To guarantee real-time interaction between the agents and the environment, the demoMARL block inside the Simulink model defines the environment and a timing parameter sets the training duration. The training hyperparameters are configured as follows: a sample time of 0.1 s and a total simulation horizon of 100 s. By binding the Simulink model to the reinforcement-learning interface, multi-agent interaction is achieved. For each agent, an independent Actor (policy network) and Critic (value network) are constructed [13]. The Actor network uses a multi-layer perceptron (MLP) to map observations to an action-probability distribution, while the Critic network evaluates the state value so that the Generalized Advantage Estimation (GAE) can be computed [14]. PPO’s stabilization mechanisms are employed to refine the agents’ policies: a ClipFactor enforces PPO’s core clipping operation, limiting the magnitude of policy updates [15]; GAE balances bias and variance; and an entropy-regularization term prevents the policies from prematurely converging to local optima [16]. The detailed execution steps are as follows:

In the training setup, the sample time, total time, and maximum number of steps are defined. (1) Launch the Simulink model, set the number of agents to 2, the observation-space size to 1, and represent the action space with the discrete set {0, 1}; create the environment object env to interface with the AgentA and AgentB blocks in Simulink. (2) Loop to construct the Actor and Critic networks for the two agents. The Actor network consists of an input layer, several fully connected layers with ReLU activations, and a final softmax layer that outputs action probabilities. The Critic network outputs a single scalar that estimates the agent’s state value. (3) Configure the PPO algorithm with an entropy-loss weight of 0.2, create the two PPO agents, and start training. (4) Training options specify 10 episodes with a maximum of 1000 steps per episode and enable the training-progress display. After training, testing is carried out with the sim function to run the environment, and the experience data are saved. The progress plot in Figure 3 illustrates the policy-optimization process during training and the control performance of the agents during testing.
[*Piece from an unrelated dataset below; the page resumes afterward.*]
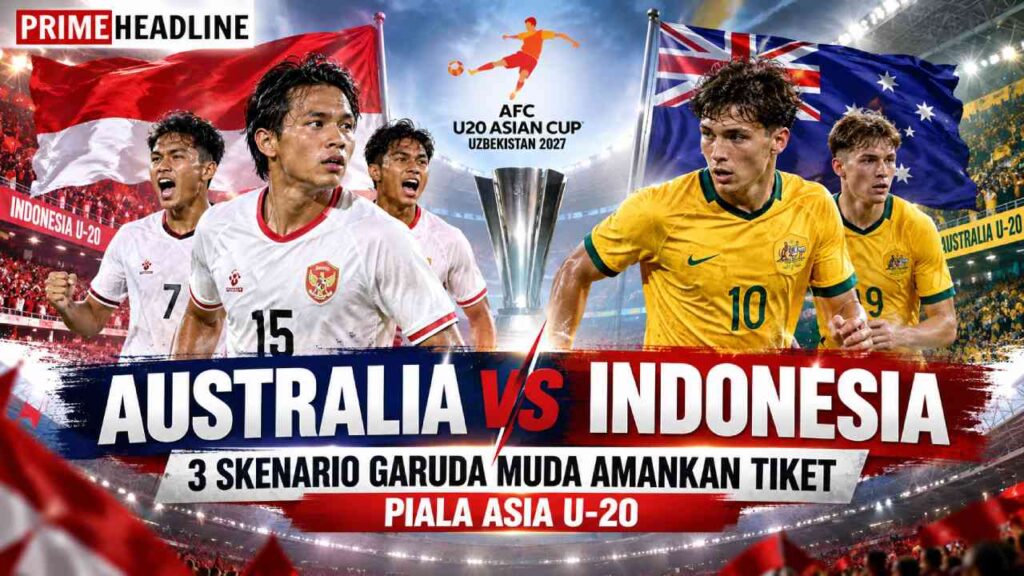 Australia vs Indonesia: 3 Skenario Garuda Muda Amankan Tiket Piala Asia U-20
Figure 3 shows that as the number of training episodes increases, the reward obtained in a single episode gradually rises, indicating continuous improvement in the agents’ performance. Meanwhile, the average reward remains relatively stable, demonstrating the strong stability of the multi-agent reinforcement learning system.

2.3. Section Summary

This Section begins with a brief overview of the new power system and the structure of multi-agent systems. It then uses wind power, photovoltaic power, and energy storage systems as examples to illustrate the power generation characteristics of the new power system. After analyzing multi-agent decision-making, a Simulink model based on multi-agent reinforcement learning is constructed, enabling an intuitive demonstration of the dynamics of multi-agent systems and facilitating the understanding and debugging of complex interactive behaviors. Finally, the Section introduces multi-agent reinforcement learning based on the PPO algorithm, which improves the stability of multi-agent training by limiting the magnitude of policy updates.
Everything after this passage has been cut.